Now, what happens when nuclear HR weapons are put in the hands of — gasp — job applicants?

Hey, HR!

So my evil purpose in this week’s column — I don’t think I’ve ever fabricated a whole column before — is to wonder out loud how HR would like it if we deployed Avatar Hank against employers the way employers deploy Vera and robo-recruiting avatars like ZipRecruiter, LinkedIn, CareerBuilder, Indeed, Taleo and their ilk.

Apologies to The Washington Post and Peter Holley for satirizing their article to make a point, but thanks to them for shining a light on Vera, the spawn of HR technology. We know she’s not real because if she were, she’d start every phone interview with, “#MeToo!” There is no one named Alex Kotts and no robot named Avatar Hank. You’ll have to read Holley’s article to learn who’s behind Vera.
How would HR like it if “the talent” refused to appear in person — like recruiters and hiring managers refuse to appear in person — until the employer talked to the cartoon hand first, and filled out the forms, and got diddled digitally?

How would HR like it if the next 50,000 job applicants it called to conduct phone interviews were robots? Would job seekers’ robots be any less legit than Vera?

Hey, HR, can our robots have phone sex and produce skilled offspring to do your jobs?


Hey, Boards of Directors

Vera and Hank tell us one thing: It doesn’t take any brains to interview 50,000 job applicants or to interview for 1,500 jobs.

HR, employers, corporations invest billions of dollars every year avoiding using their brains — they spend it on what’s plainly stupid, laughable, and counter-productive “technology” that they’d never abide if subjected to it themselves. (See HR Technology: Terrorizing the candidates.)

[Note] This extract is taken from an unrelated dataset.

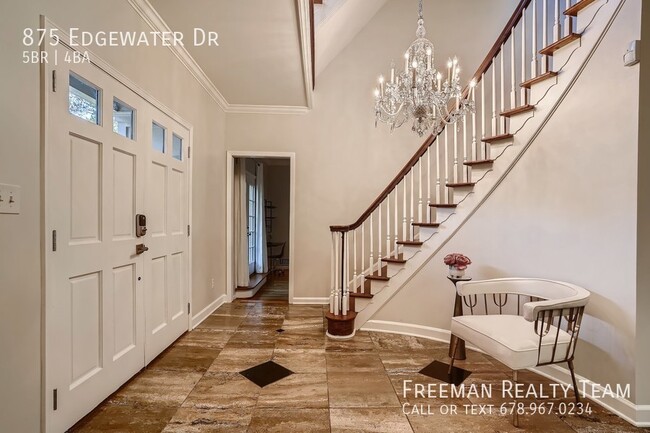 Building Photo - Edgewater Estate - 5 Bedroom Sleeps 10 | N...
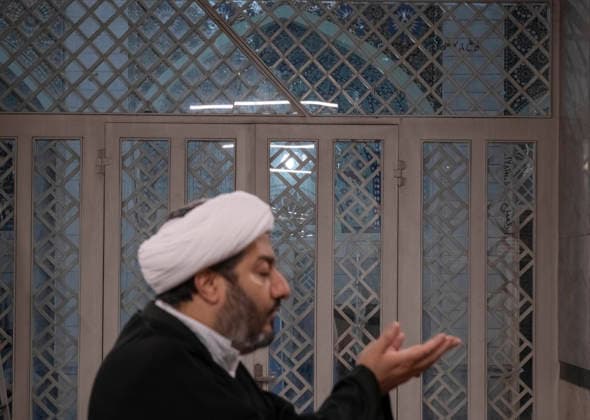 Daily Life In Iran Amid Threat About New Possible War An Iranian cleric participates in a mass prayer ceremony at a mosque in a business district in downtown Tehran, Iran, on May 22, 2026. U.S. President Donald Trump has indicated the possibility of military action against Iran if no agreement is reached with Iranian officials, according to official reports. Tehran Tehran Iran  Copyright: xMortezaxNikoubazlx originalFilename: nikoubazl-dailylif260522_npzca.jpg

Managers have destroyed any chance of matching the best workers to the jobs they need to fill because they refuse to show up. They deal in avatars, robots, algorithms, HR technology. They deal in keywords, automated job applications and programmed applicant “assessments.” They’re trying to wash their hands with rubber gloves on, to recruit without recruiting, and to identify the best candidates by rote. (Contrast: Smart Hiring: A manager who respects applicants.)

How do we point out the real problem with hiring?

It doesn’t take any more than flipping around Peter Holley’s account of Vera technology. We subject employers to fake job applicants, like they subject job applicants to fake “selection processes” via robo-forms and algorithmic judgments. We deploy cartoons to apply for jobs and to “show up” to be phone screened by recruiters.

The boards of directors behind these companies reveal that they are the truly unskilled and clueless stewards of industry. Would you have lunch with a cartoon character to talk about the future of your business?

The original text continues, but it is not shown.